Les différences physiques et psychiques entre les générations existent depuis la nuit des temps, on ne peut pas les nier. Pourtant, ces deux entités se retrouvent face aux mêmes doutes devant les problèmes de la vie sociale : le travail, les études, la formation, l’acquisition du savoir et même les vacances d’été. Car si les grands cherchent à se ressourcer dans les sereins endroits marocains, les jeunes, quant à eux, se retrouvent plus dans les lieux animés, jour et nuit. Les destinations de rêves ne manquent surtout pas, et les jeunes MRE ‘’tanguent entre deux choix’’ : faire plaisir aux parents et passer des vacances au sein des familles ou partir sous d’autres cieux à prix attractifs.

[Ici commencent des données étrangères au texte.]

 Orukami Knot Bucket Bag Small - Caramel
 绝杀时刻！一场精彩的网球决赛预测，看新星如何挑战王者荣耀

Quelle que soit la décision, une chose est sûre : « Notre pays restera a jamais dans nos cœurs, nous l’adorons et rien au monde ne nous fera changer d’avis. Voyager ailleurs, c’est juste une question d’ouverture sur d’autres cultures et acquérir de nouvelles connaissances », conclut Adil.
Colonies de vacances...
Vingt enfants d’immigrés marocains en Italie sont arrivés, récemment à Casablanca, pour passer deux semaines de vacances, à l’initiative de la Fondation Hassan II. Un programme riche et varié est conçu pour les distraire. Il comporte plusieurs déplacements dans les régions afin de renouer avec la langue du pays d’origine, connaître certaines spécificités régionales et conforter les connaissances sur le pays. De l’aéroport, les 20 enfants ont été emmenés au Complexe Moulay Rachid de Bouznika où ils sont hébergés durant leur séjour. Signalons, par ailleurs, que durant la même journée, des délégations d’enfants de Marocains résidant à l’étranger (MRE) sont arrivés au Maroc, en provenance d’Allemagne, de France, de Tunisie, de Jordanie, de Belgique et du Canada. Ces séjours entrent dans le cadre de la même initiative de la Fondation Hassan II, qui prend en charge le voyage et le séjour de ces enfants.